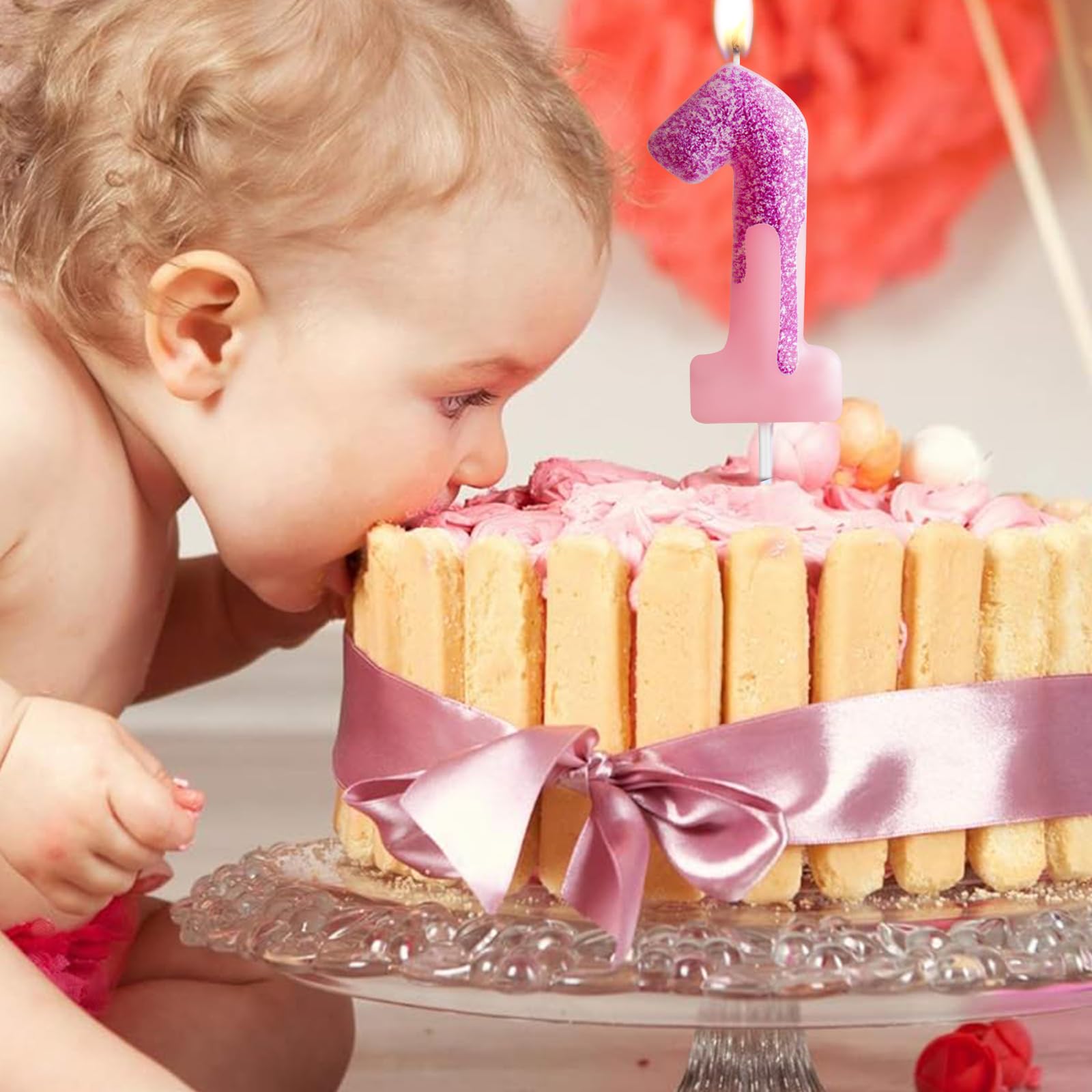 ピンクのミニキャンドルa-13-f Amazon.com: Zi Lan Pink 13th Birthday Candles Purple Pink Number
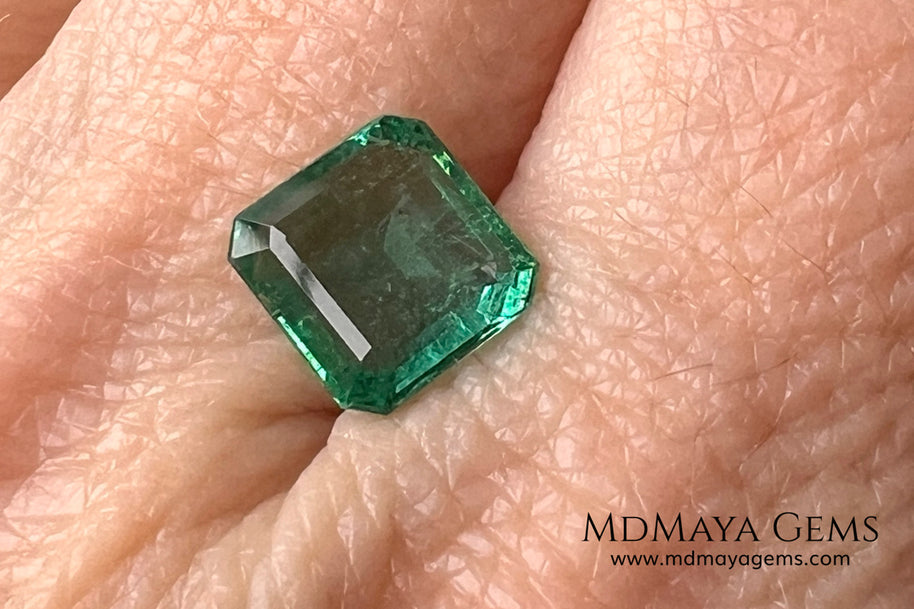 2.01 ct Zambian Emerald – Certified Vibrant Green Square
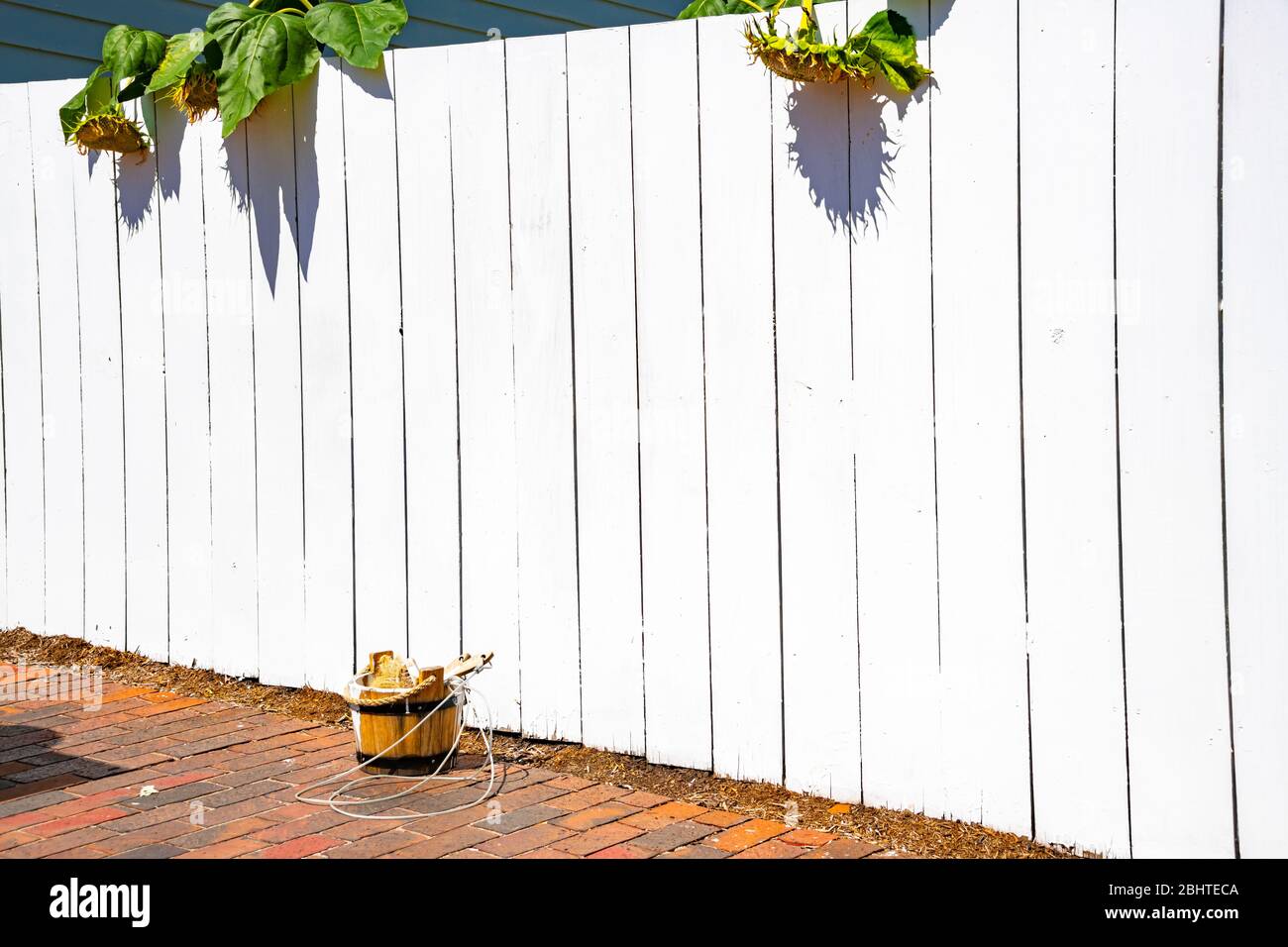 Tom Sawyer's Fence, Bucket of Whitewash, & Paintbrushes Stock Photo
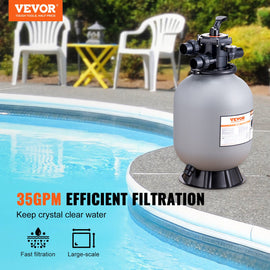 VEVOR Sand Filter, 16-inch, 406.4mm, Up to 35 GPM Flow Rate, Above Inground Swimming Pool Sand Filter System with 7-Way Multi-Port Valve, Filter, Backwash, Rinse, Recirculate, Waste, Winter, Closed Functions - 0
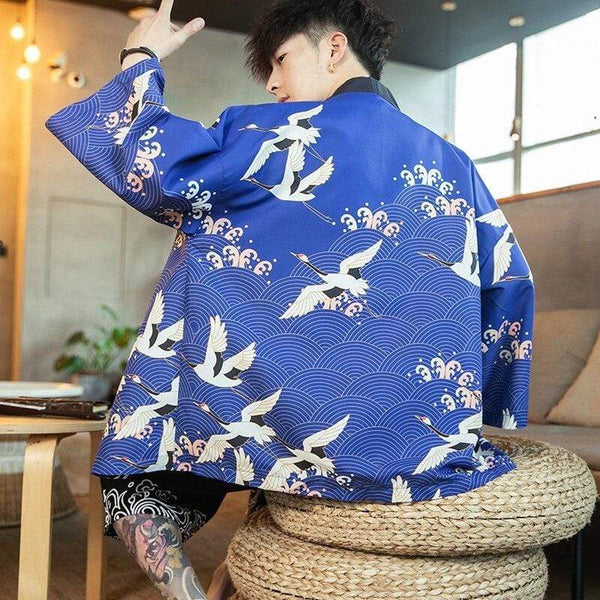 Blue Bird Kimono Jacket | Japanese Temple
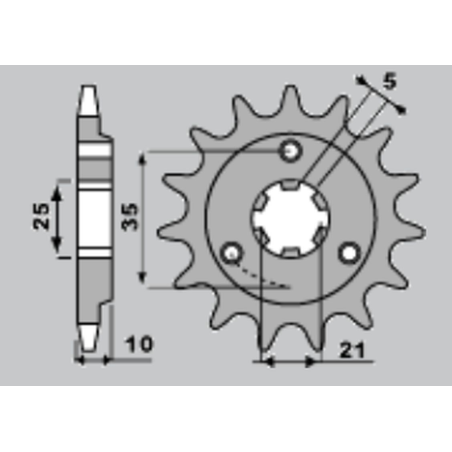 CHT front sprocket 412 15 SUZUKI DR 750/800 BIG '89-'93 (JTF438.15)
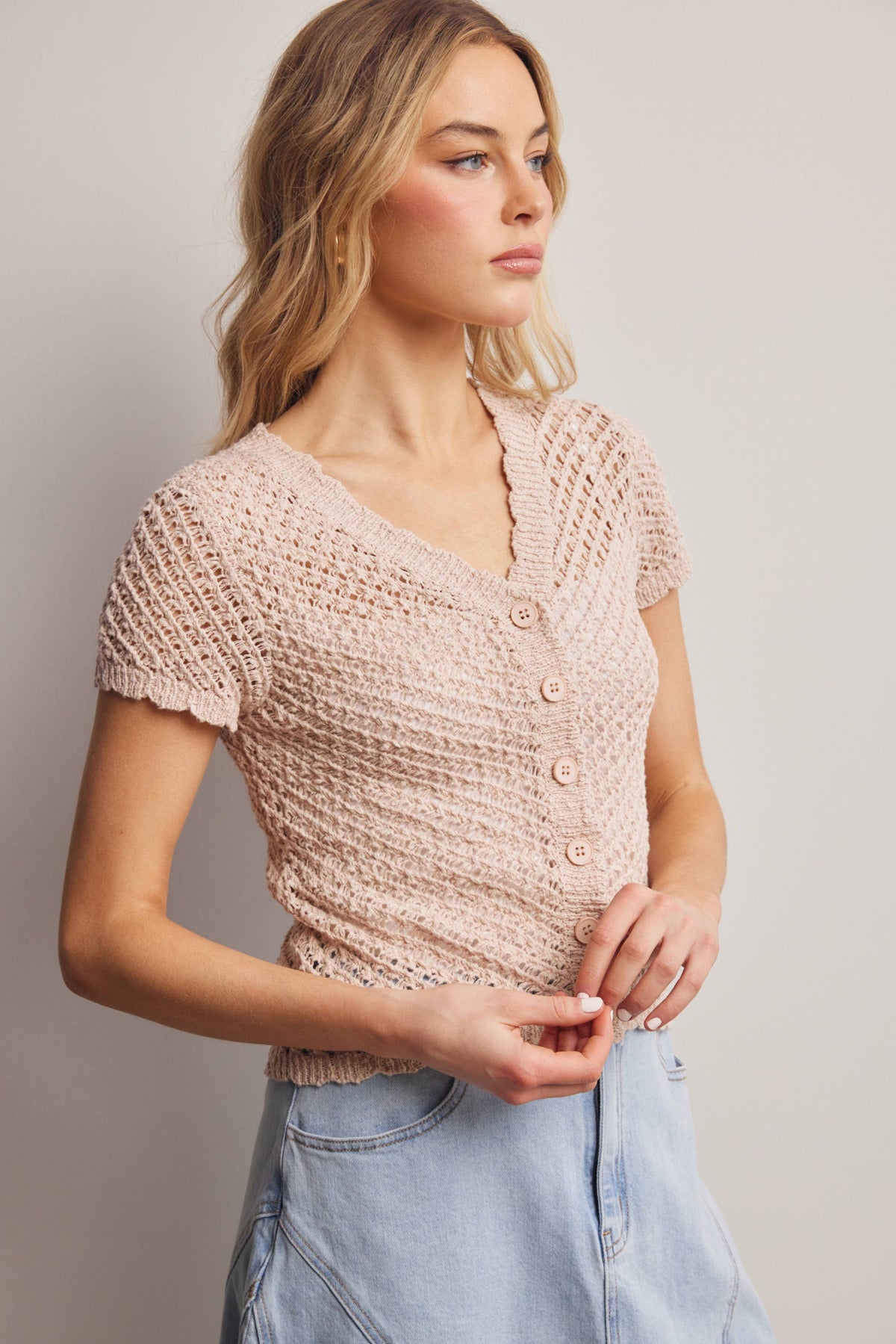 Open-Knit Short-Sleeve Crochet Cardigan Top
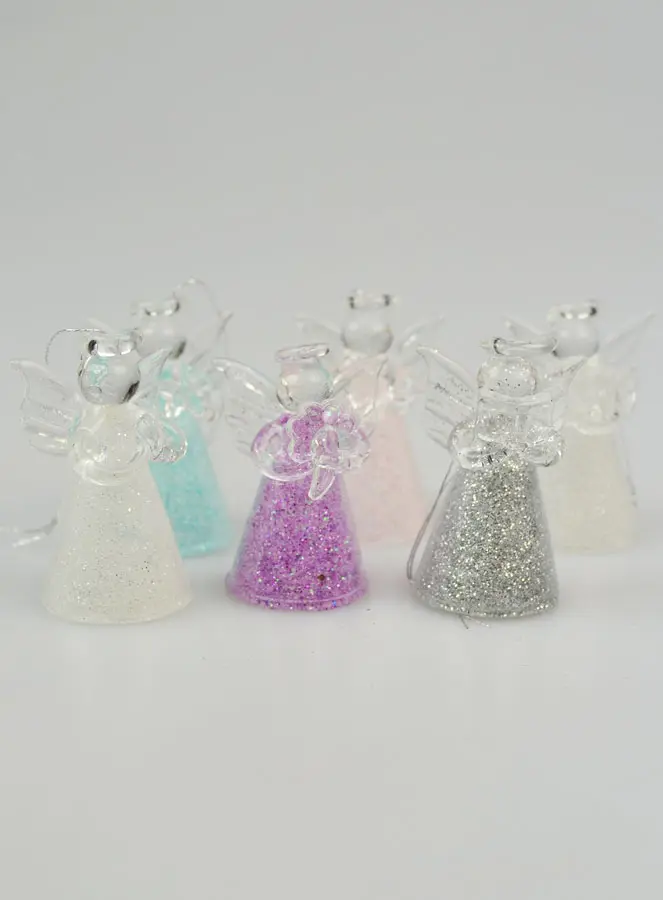 6 Glazen Kerstengelen met Pailletten - Kerstversiering (pic 2)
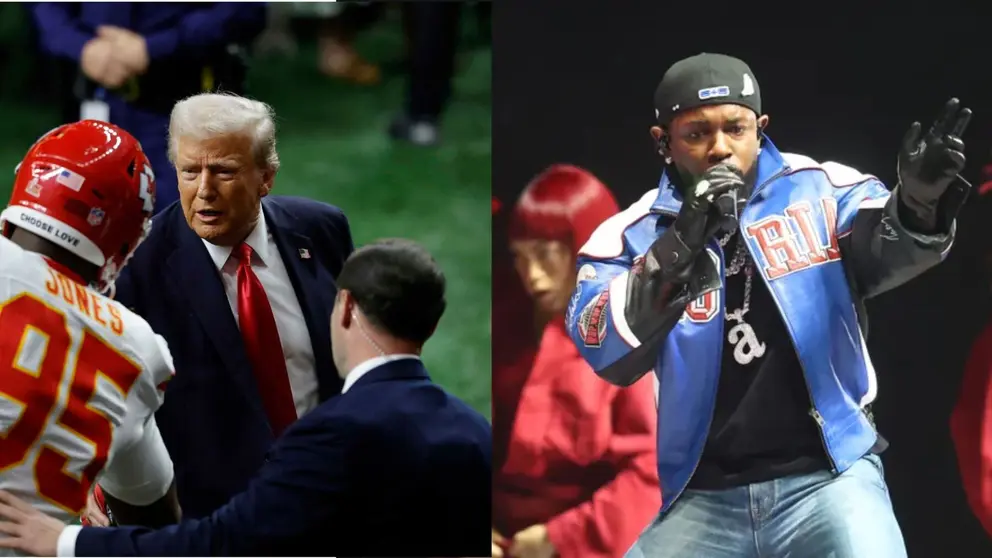 Kendrick Lamar y Donald Trump durante el show de la Super Bowl 2025. Fotos Bob Kupbens-Icon Sportswire (vía Getty Images)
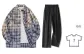 Gray Plaid (Long-Sleeved)+Black (High Stretch Ice Silk)[Comes with Random T-Shirt]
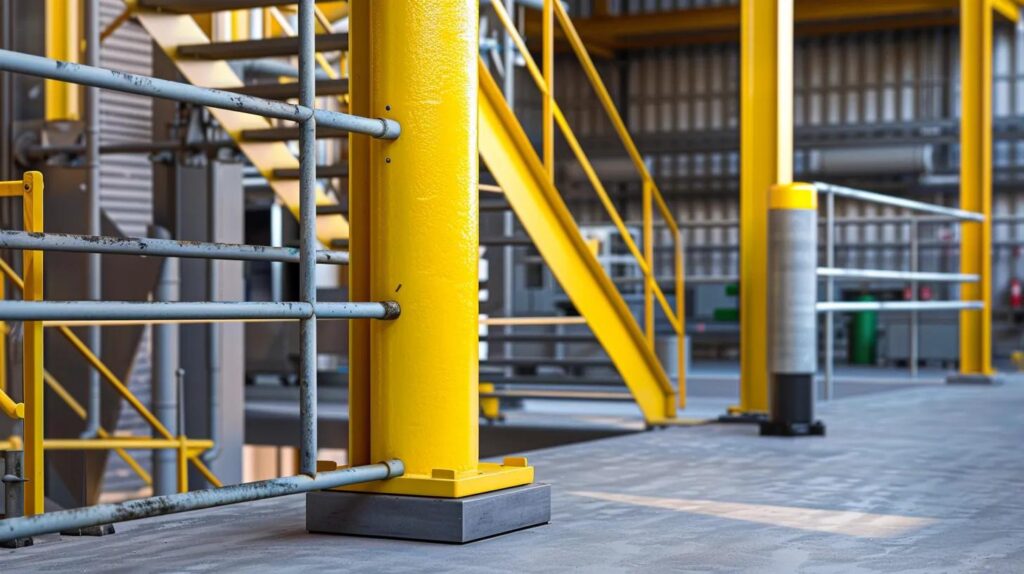 A focused image showing a structural steel support column for a mezzanine. In the immediate foreground, a bright yellow, heavy-duty steel bollard is securely installed into the concrete floor, protecting the column from impact. Include the base of a secure steel staircase with hand railings next to the column, emphasizing layered safety measures.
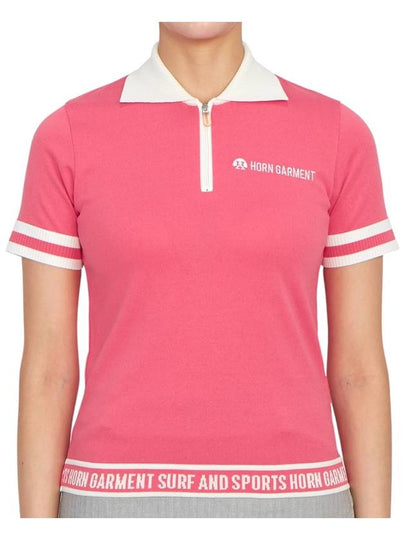 Women's Logo Short Sleeve PK Shirt Pink - HORN GARMENT - BALAAN 2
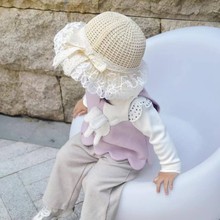寶寶帽子夏季薄款兒童漁夫帽女童草帽公主大帽檐遮陽防曬帽透氣潮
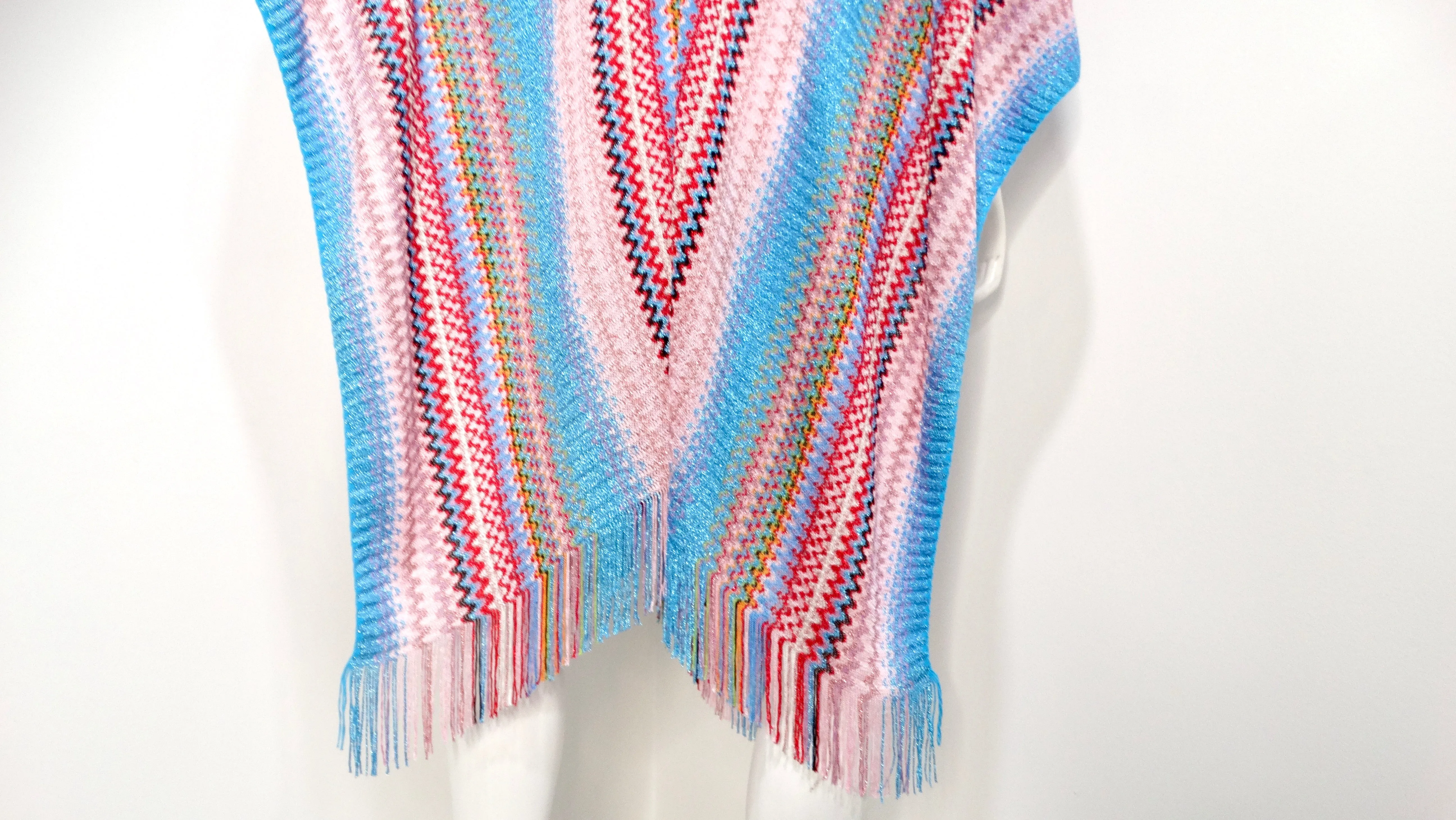 Missoni Zig Zag Multicolor Knit Poncho With Fringe Detail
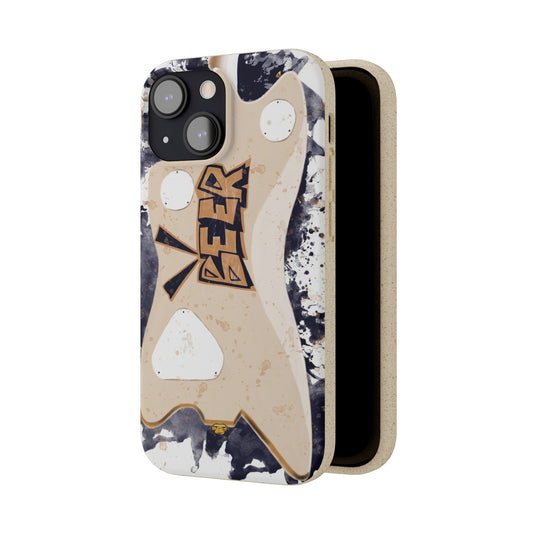 Digital painting of a white electric guitar with beer sticker printed on a biodegradable iphone phone case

◆ **What you need to do**: Word for word, restate the lines from the line with "CHT front sprocket" through the last line of the entries, and nothing beyond them. Omit pictures.

◆ **Solved exercise**:
 CHT front sprocket 412 15 SUZUKI DR 750/800 BIG '89-'93 (JTF438.15)
 Open-Knit Short-Sleeve Crochet Cardigan Top
 6 Glazen Kerstengelen met Pailletten - Kerstversiering (pic 2)
 Kendrick Lamar y Donald Trump durante el show de la Super Bowl 2025. Fotos Bob Kupbens-Icon Sportswire (vía Getty Images)
 Gray Plaid (Long-Sleeved)+Black (High Stretch Ice Silk)[Comes with Random T-Shirt]
 A focused image showing a structural steel support column for a mezzanine. In the immediate foreground, a bright yellow, heavy-duty steel bollard is securely installed into the concrete floor, protecting the column from impact. Include the base of a secure steel staircase with hand railings next to the column, emphasizing layered safety measures.
 Women's Logo Short Sleeve PK Shirt Pink - HORN GARMENT - BALAAN 2
寶寶帽子夏季薄款兒童漁夫帽女童草帽公主大帽檐遮陽防曬帽透氣潮
 Missoni Zig Zag Multicolor Knit Poncho With Fringe Detail
 Digital painting of a white electric guitar with beer sticker printed on a biodegradable iphone phone case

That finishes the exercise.